Two main fertilization strategies come to mind. First is "Feed the Plant". This is the idea used my most farmers in the United States today. They apply a readily available non-organic fertilizer to the soil with the idea that the plant will take up what it needs. Pick up any bag or bottle of fertilizer at your local store and odds are this is the type of fertilizer you have. The fertilizer will contain chemicals like Calcium nitrate and Potassium phosphate. Inorganic fertilizers are a very well researched area. Coming up with some new mix would be difficult and obtaining the minerals needed might be difficult.
On the other hand, organic growers "Feed the soil". The idea here is to add organic material back to the soil and let the microorganisms break these down into a form the plants can use. This method prevents the nutrients from being washed out of the soil by the first good rain, but it may take weeks or months for the nutrients to become available to the plants. Examples of things organic growers might add include composted plant material, kelp, and bat guano. Because so many gardeners and organic growers compost their plant waste, they have a good source of compost to add back to the soil. They might add a bit of another fertilizer to balance out what the soil needs. Many add manure from a local farm to their compost to provide more nitrogen.

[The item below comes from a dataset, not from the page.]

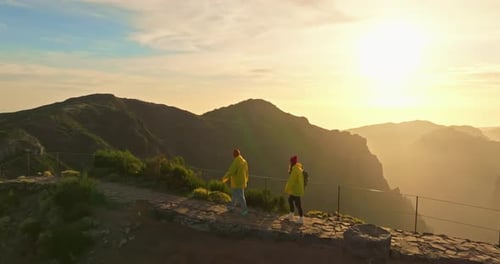 Flying Around Pair of Hikers on the Top of Mountain Aerial Drone Shot of Man and Woman Travel with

So what does that leave us with? Inventing something new with fertilizers might be a bit difficult. As I said before, what you use really depends on what the soil needs. I wish I could offer you something new or original, but I am afraid that I will be repeating what has been done for years.

Concerning some new ideas for a project, you might check around the Mad Scientist Library. There are some really good links for science fairs there. In addition, I might have a few suggestions for you if you happen to be interested in hydroponic plant systems. Feel free to e-mail me.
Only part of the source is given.